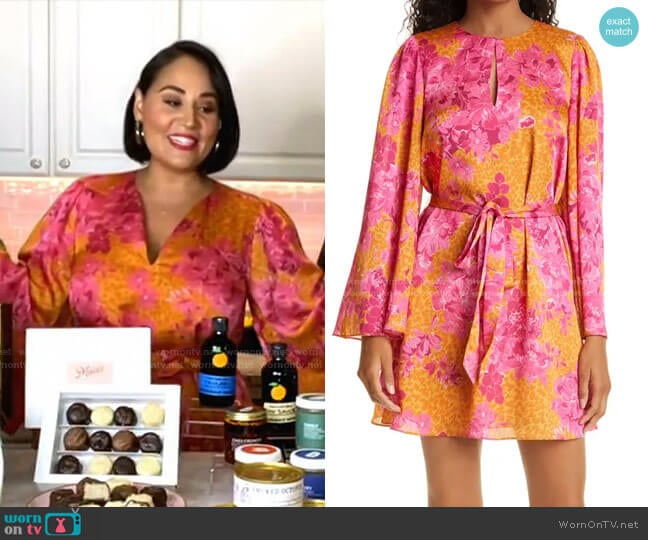 Ted Baker Metropolis Dress worn by Alejandra Ramos on Today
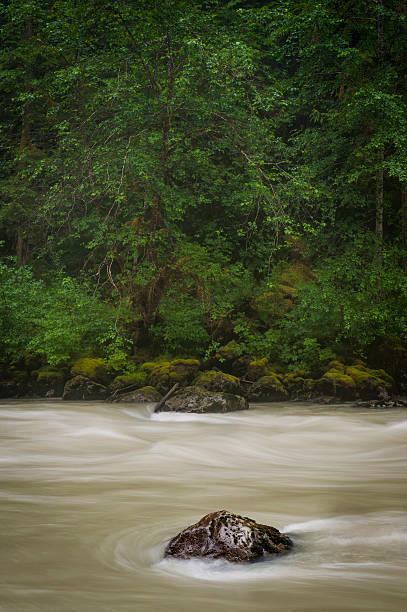 rivière nooksack - north cascades national park cascade range mt baker waterfall photos et images de collection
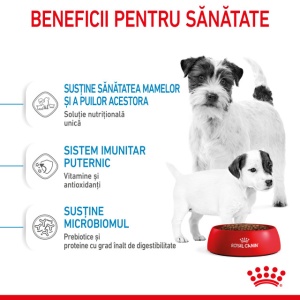 Hrana uscata pentru caini, Royal Canin Mini Starter, 8 Kg - Img 4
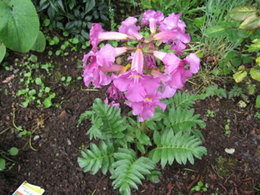 les fleurs de mon jardin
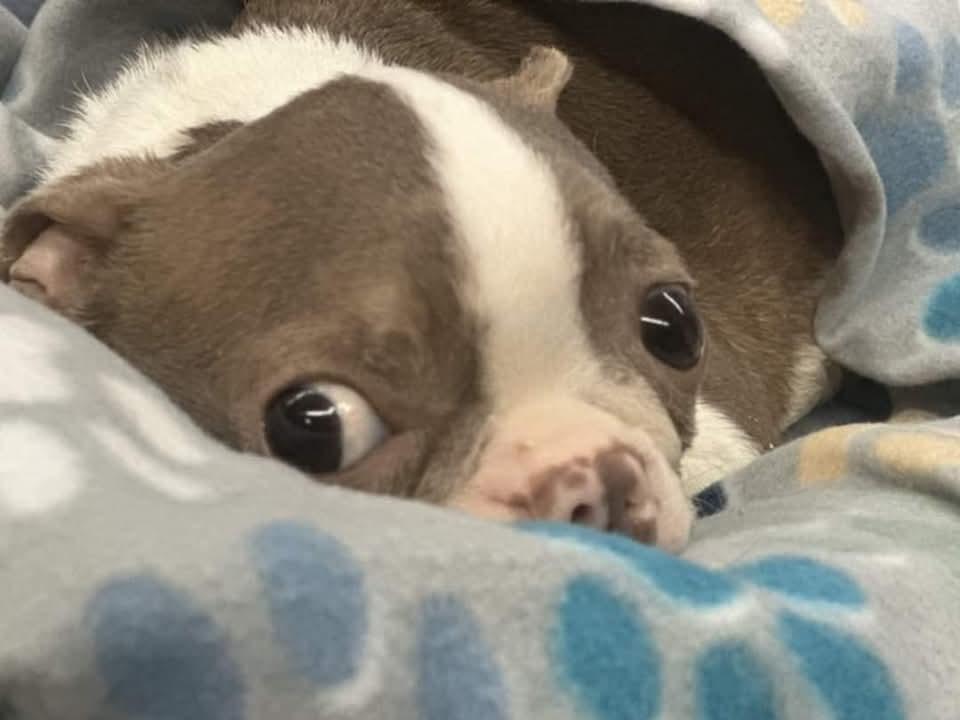 Enlarge Pearle, a Adopted Boston Terrier in Antioch, TN image 5/6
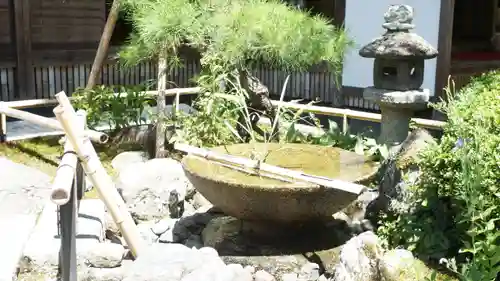 圓光寺(京都府)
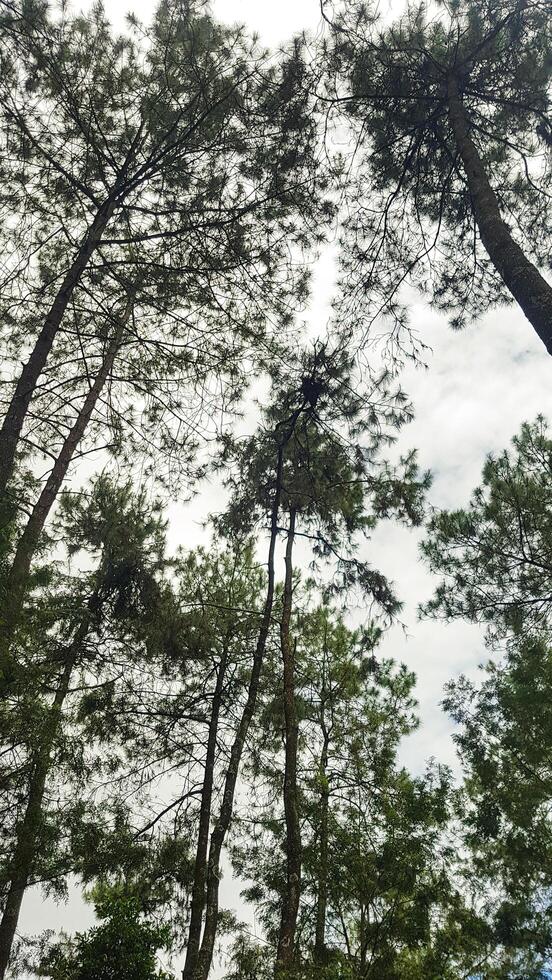 View of green trees in the forest photo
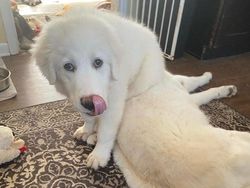 Tidak Hanya Mengecoh, Foto Ini Bikin Bingung Mata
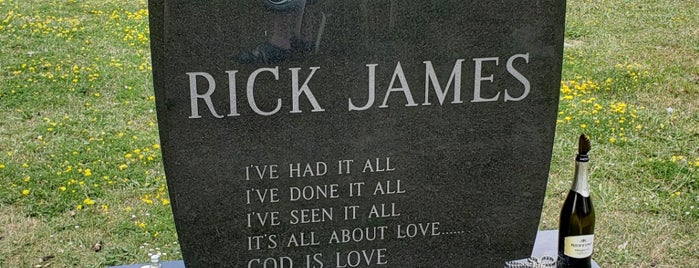 Rick James' Grave is one of Best of Buffalo.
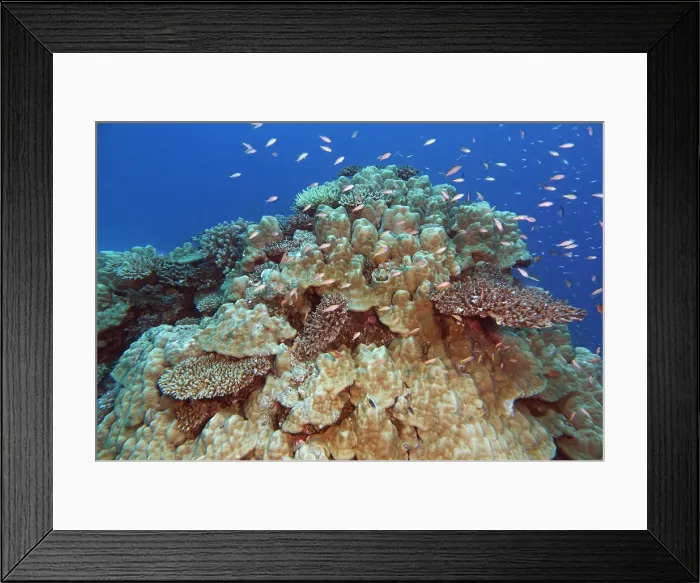 Framed Print : A mixture of scleractinic hard corals on a coral reef in Gaafu Dhaalu atoll, Maldives Framed Print : A mixture of scleractinic hard corals on a coral reef in Gaafu Dhaalu atoll, Maldives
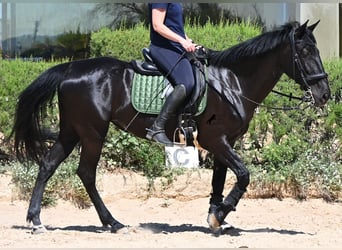 Minorquin, Jument, 12 Ans, 158 cm, Noir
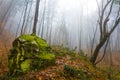 huge stone in misty beech forest Royalty Free Stock Photo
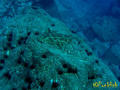 scuba diving photo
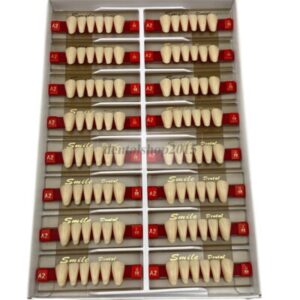 Lower Anterior U88 A1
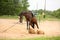 Brown playful latvian breed horse bucking and trying to get rid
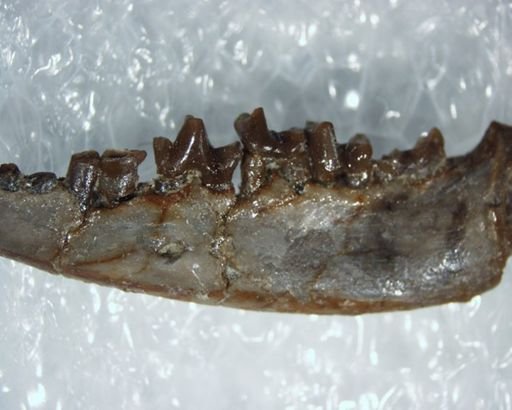 Palaeictops tauricinerei
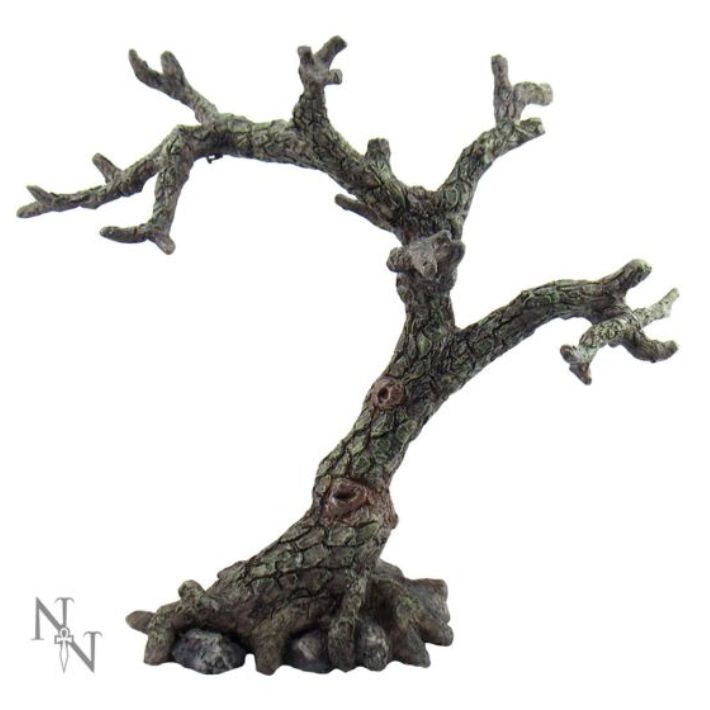 The Sacred Oak Jewlery Keeper 9.8&quot;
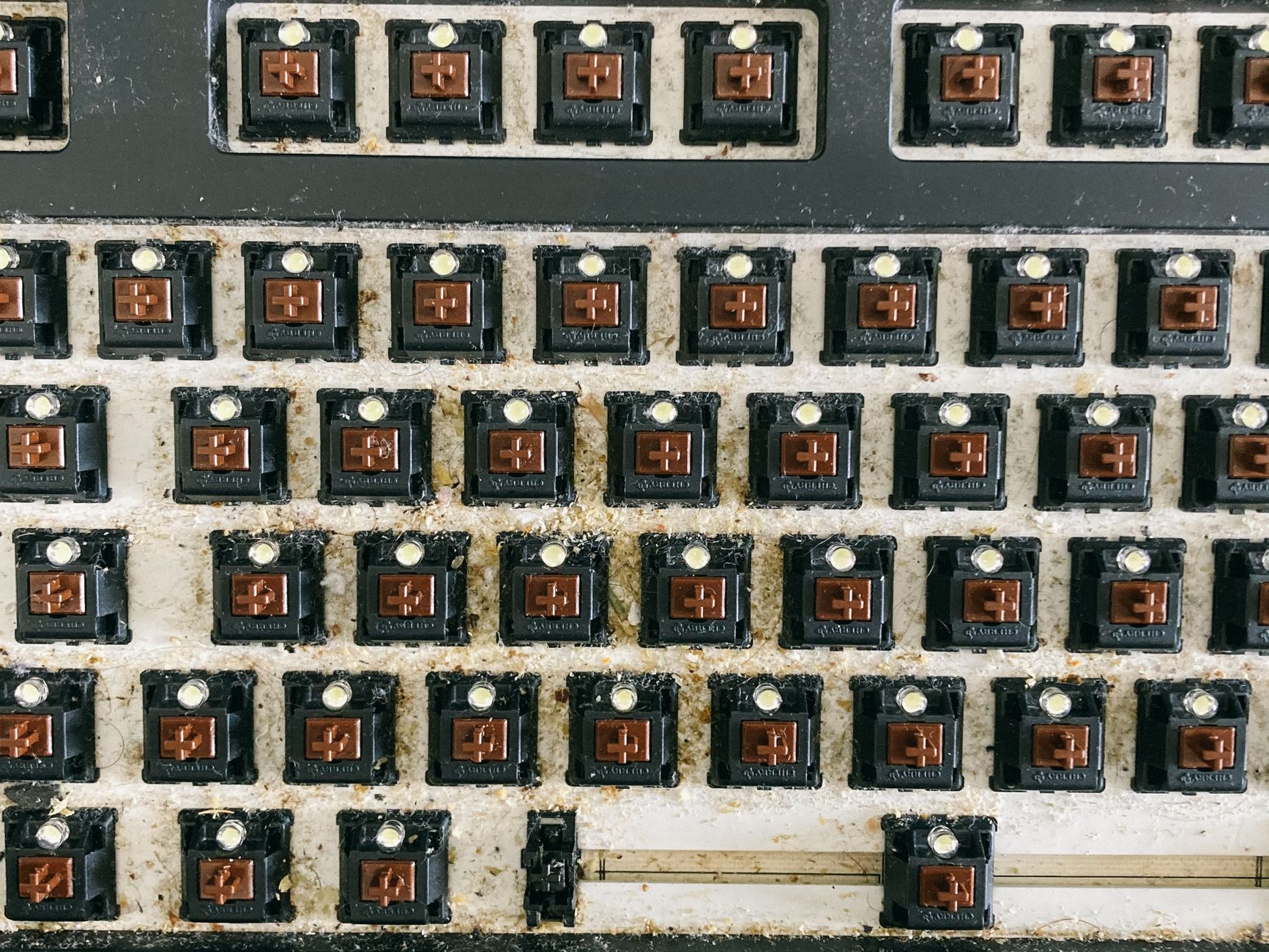 Unlock Peak Performance: The Best Mechanical Keyboards for 2026 3 Close-up of various mechanical keyboard switches and keycaps.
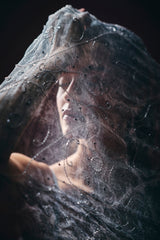 Elara Pre Draped Saree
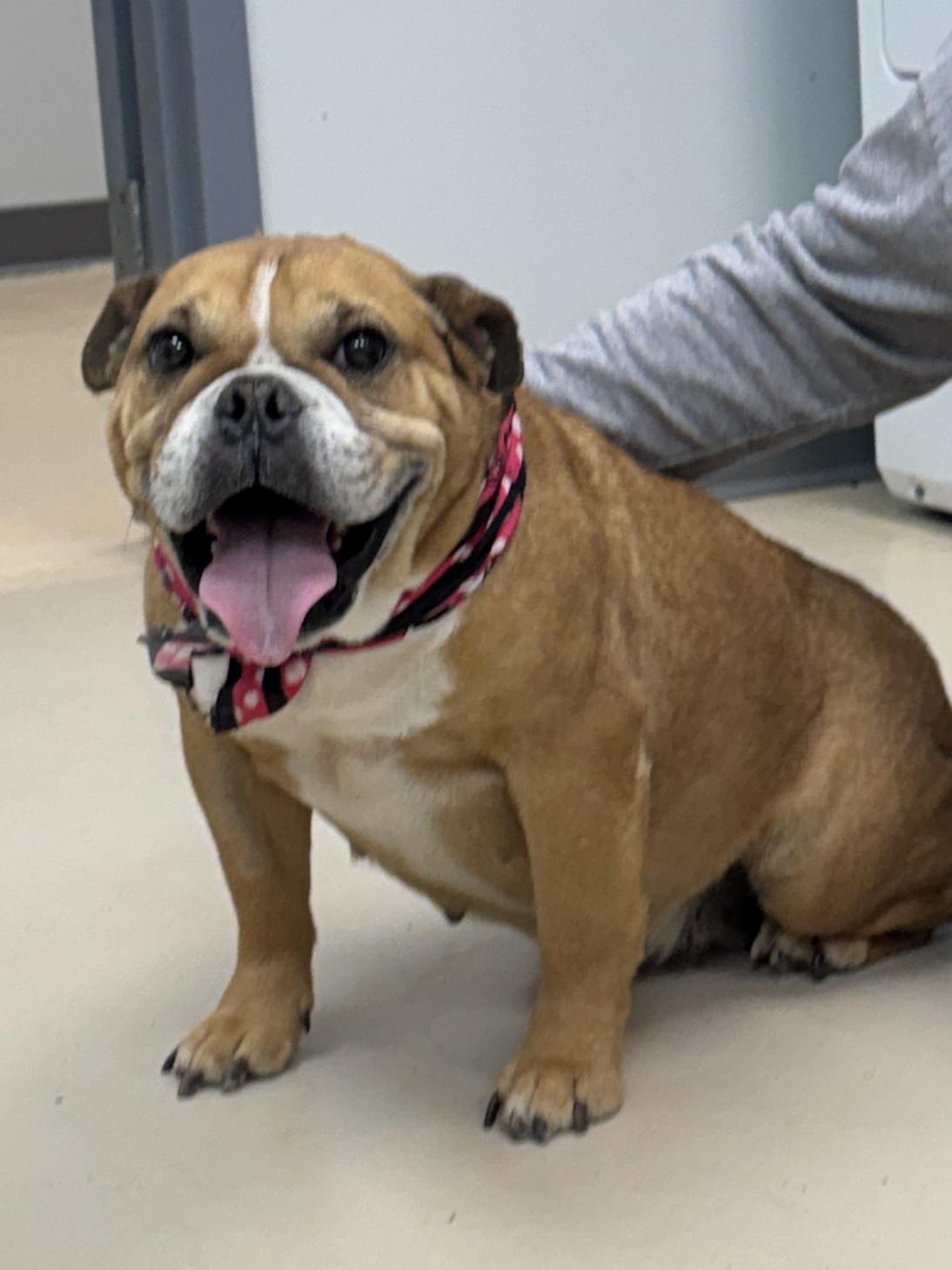 Jelly Bean, Adoptable, Adult Female English Bulldog.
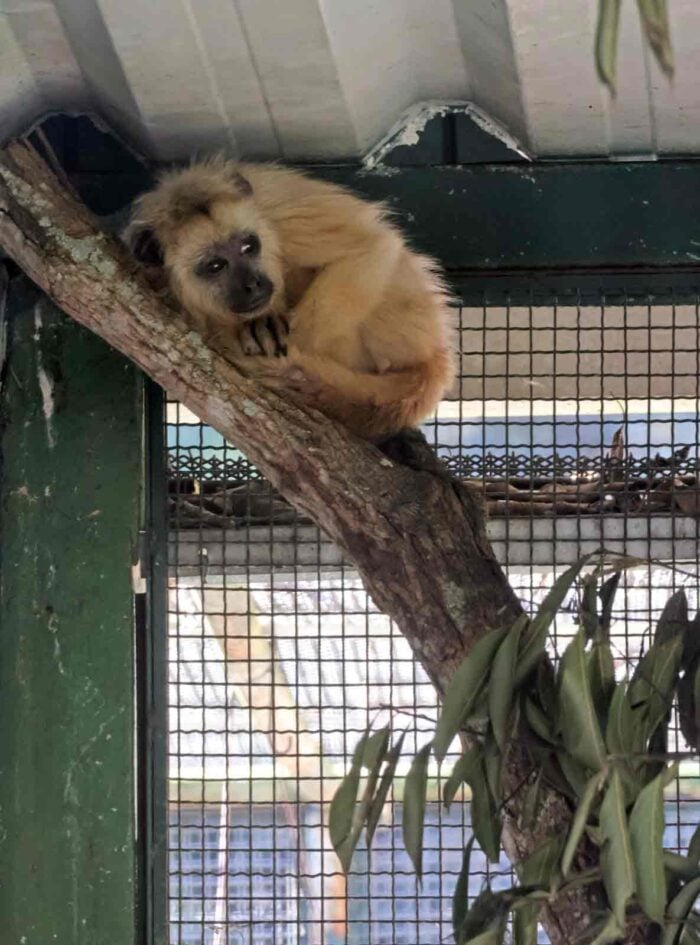 Cetras de Juiz de Fora já devolveu quase 900 animais silvestres à natureza em 2026; saiba o que fazer ao encontrar um 3 macaco leo costa
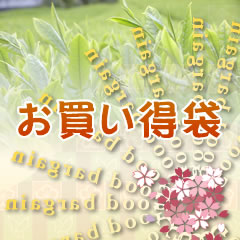 ���������ܗ�����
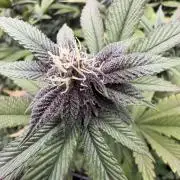 Emergen C by Seedjunky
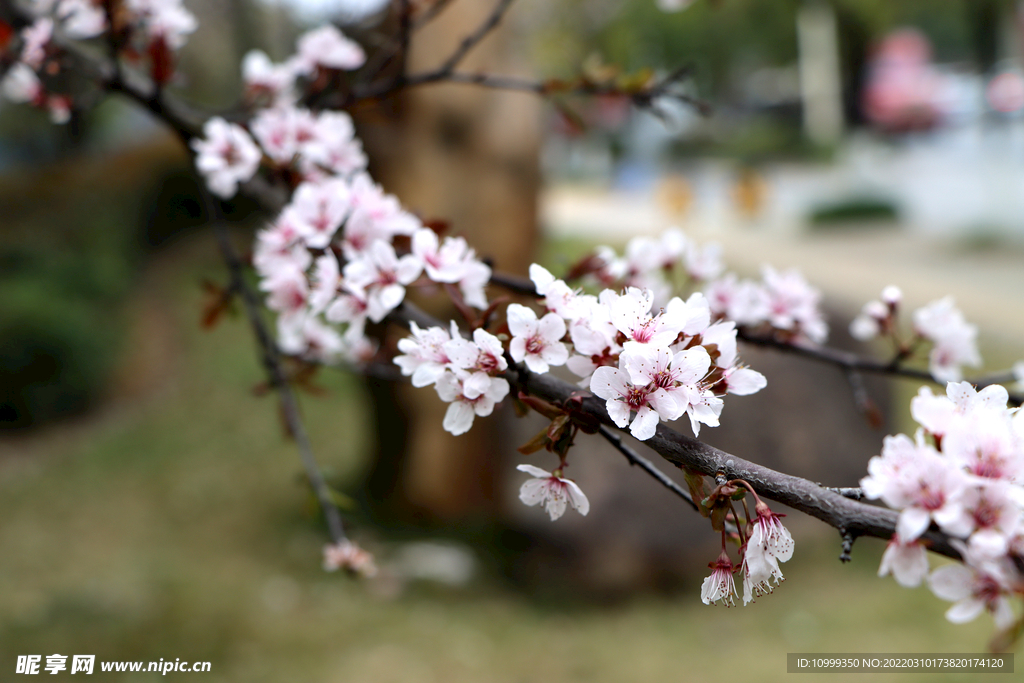 李花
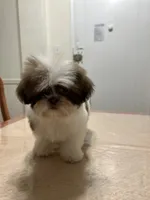 Mark, a male Shih Tzu for sale in Queens, NY – 4 of 4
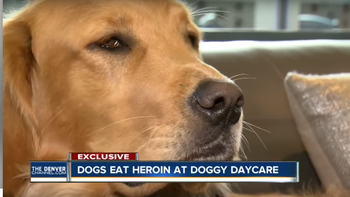 un grupo de perros se intoxico con 17 bolsas de heroina que dejo un narcotraficante un grupo de perros se intoxico con 17 bolsas de heroina que dejo un narcotraficante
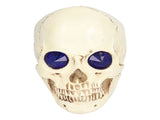 Skull Ornaments Vivid Lightweight Easily Clean Add Horror Ambience Halloween Props for Party Haunted V1294-YM0714-3115210185211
※
What you should do.
When you transcribe the entries above, begin at their first line, end with the line containing "Rick James' Grave is one of Best of Buffalo.", and copy each line exactly without any picture.

Final answer.
 Ted Baker Metropolis Dress worn by Alejandra Ramos on Today
 rivière nooksack - north cascades national park cascade range mt baker waterfall photos et images de collection
 Hrana uscata pentru caini, Royal Canin Mini Starter, 8 Kg - Img 4
 les fleurs de mon jardin
 Enlarge Pearle, a Adopted Boston Terrier in Antioch, TN image 5/6
 圓光寺(京都府)
 View of green trees in the forest photo
 Tidak Hanya Mengecoh, Foto Ini Bikin Bingung Mata
 Rick James' Grave is one of Best of Buffalo.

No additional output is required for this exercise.